Data section:
---
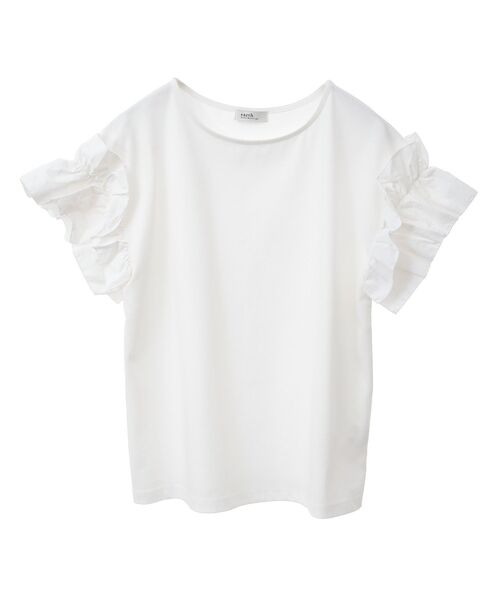 未使用品 Sono クルーフリルスリーブカットソー F ホワイト Sono（ソーノ）の「クルーフリルスリーブカットソー（Tシャツ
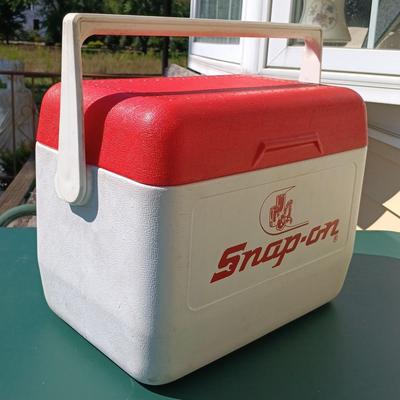 LOT 176: Snap-On Cooler, Snap-On Racing Promotional Poster, Snap-On Cap & Bag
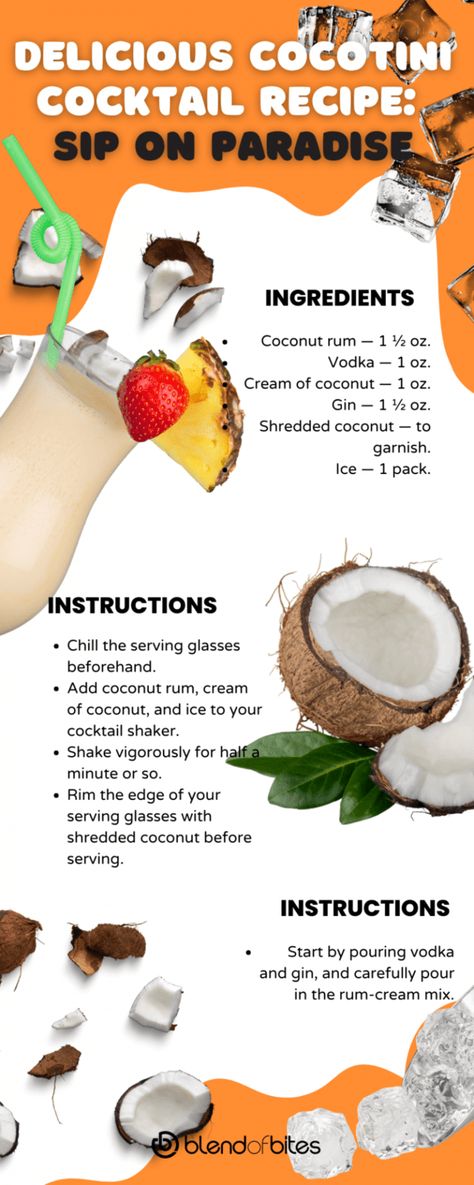 Cocotini Drink, Coconut Martini, Coconut Rum Drinks, Gastric Bypass Recipes, Bypass Recipes, Cream Of Coconut, Flavored Rum, Rum Cream, Yummy Alcoholic Drinks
---
Work instructions:
Exactly as they stand, set down the lines from the start of the material through the line with "LOT 176: Snap-On", both ends included, omitting the pictures.

Answer to this task:
 未使用品 Sono クルーフリルスリーブカットソー F ホワイト Sono（ソーノ）の「クルーフリルスリーブカットソー（Tシャツ
 LOT 176: Snap-On Cooler, Snap-On Racing Promotional Poster, Snap-On Cap & Bag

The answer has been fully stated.